**** EXERCISE DATA

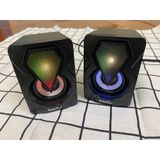 Loa Máy Vi Tính, Loa Mini Leerfei Speaker E-1053 Có LED RGB  Bass Căng Chất Lượng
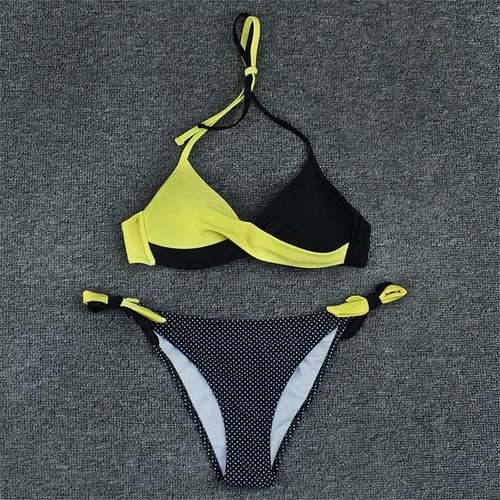 Vista 4 de Traje de baño de bikini con efecto push up para mujer, con tirantes delgados, parte delantera con cuello halter, parte superior triangular, sexy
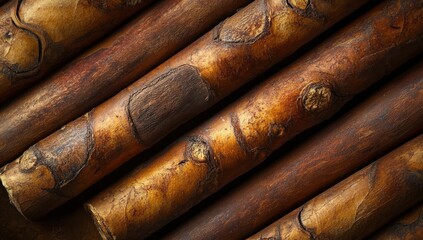 Close-up view of Stacked Brown Wooden Sticks with Natural Texture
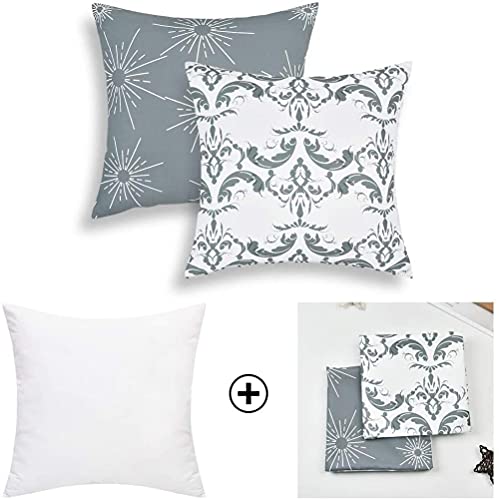 Protectores De Almohada Juego De 4 Cojines Decorativos De Jardín Cojín Silla Referencias Cuadradas Acogedor Diseño Geométrico Fundas De Almohada De Lino Con Cremallera Invisible 45x45cm(18"x18") Amigo Cover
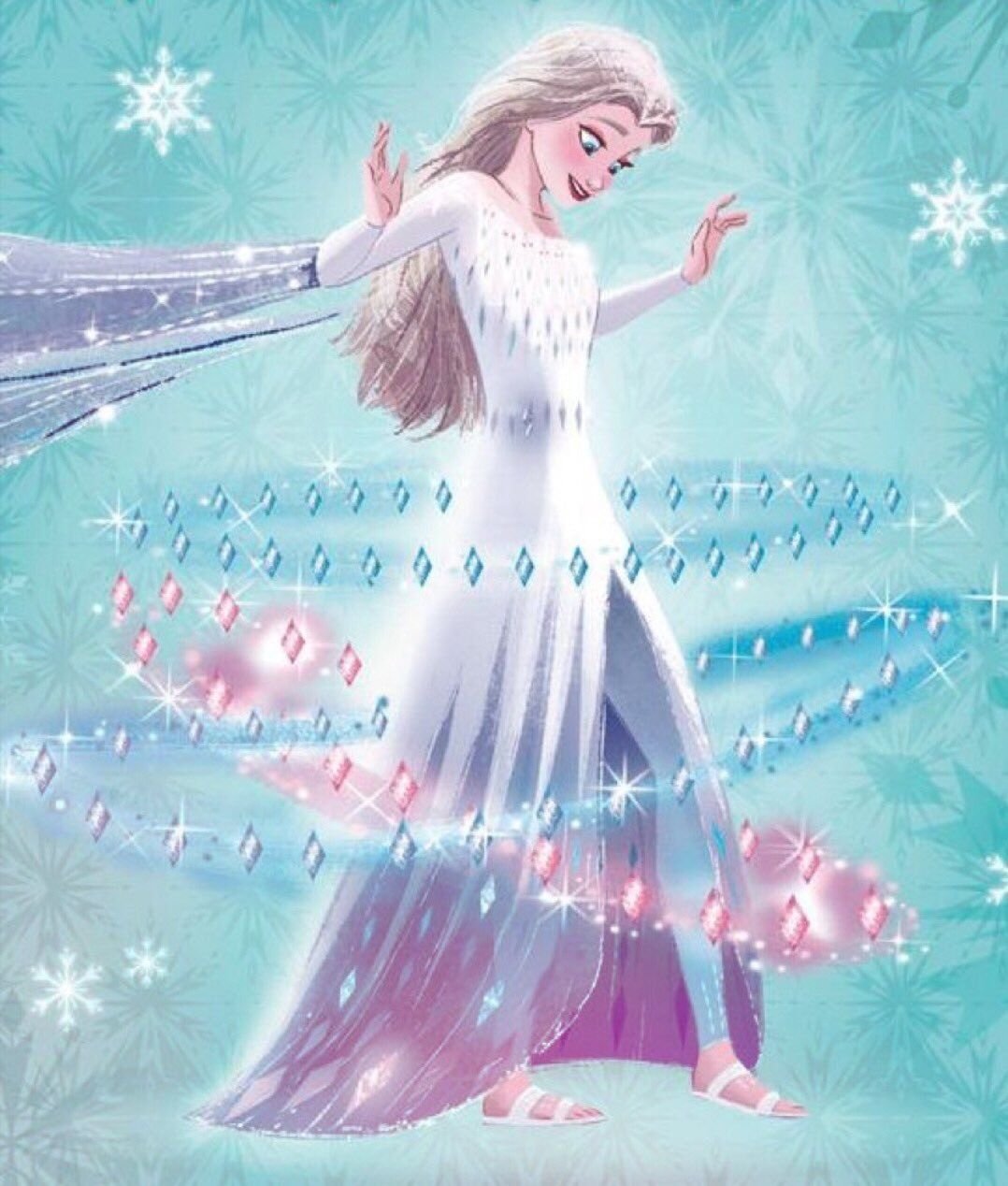 Elsa Frozen 2 в белом платье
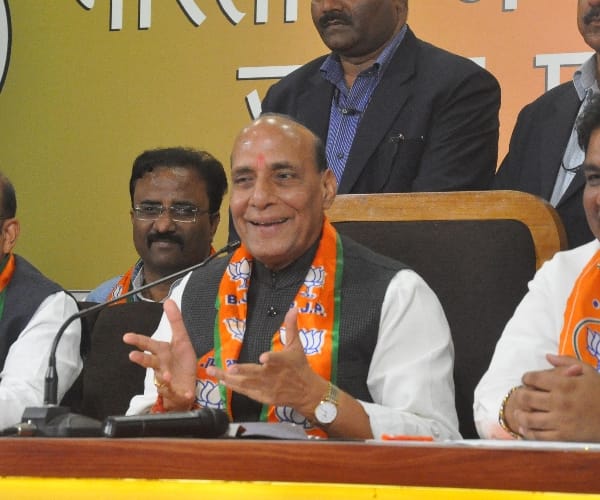 press conference of rajnath singh in bjp office
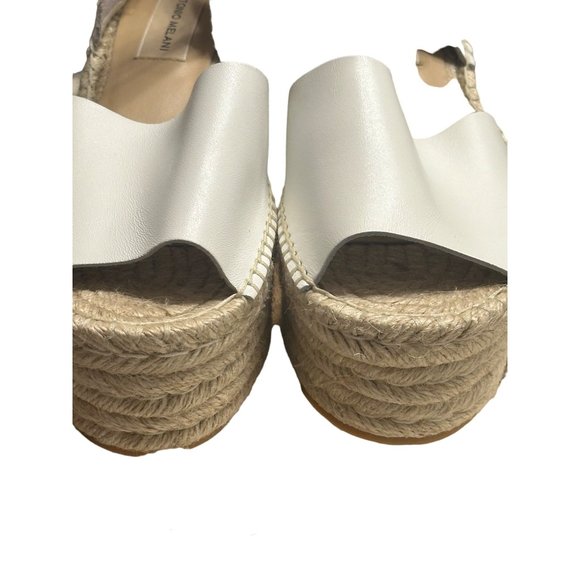 Antonio Melani White Sandals Size 6.5M Leather Wedge Espadrille‎ - Picture 2 of 8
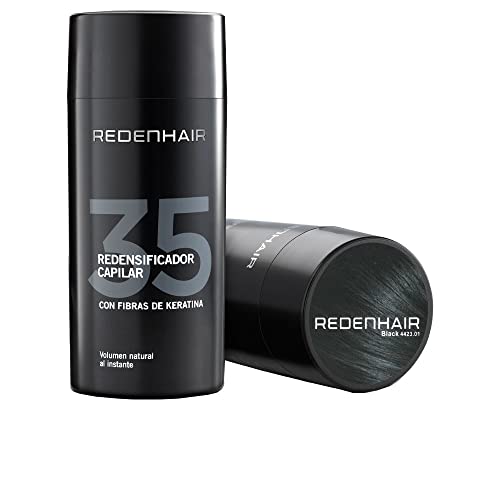 Redenhair - Microfibras Capilares de Queratina con Efecto Redensificador - Color Negro - Tratamiento Capilar para Hombre y para Mujer - Aportan Densidad y Volumen al Cabello - 23 g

********

> _TASK OBJECTIVE_
Output, exactly, all the records above; include no pictures.

> _RESPONSE TO THE TASK_
 Loa Máy Vi Tính, Loa Mini Leerfei Speaker E-1053 Có LED RGB  Bass Căng Chất Lượng
 Vista 4 de Traje de baño de bikini con efecto push up para mujer, con tirantes delgados, parte delantera con cuello halter, parte superior triangular, sexy
 Close-up view of Stacked Brown Wooden Sticks with Natural Texture
 Protectores De Almohada Juego De 4 Cojines Decorativos De Jardín Cojín Silla Referencias Cuadradas Acogedor Diseño Geométrico Fundas De Almohada De Lino Con Cremallera Invisible 45x45cm(18"x18") Amigo Cover
 Elsa Frozen 2 в белом платье
 press conference of rajnath singh in bjp office
 Antonio Melani White Sandals Size 6.5M Leather Wedge Espadrille‎ - Picture 2 of 8
 Redenhair - Microfibras Capilares de Queratina con Efecto Redensificador - Color Negro - Tratamiento Capilar para Hombre y para Mujer - Aportan Densidad y Volumen al Cabello - 23 g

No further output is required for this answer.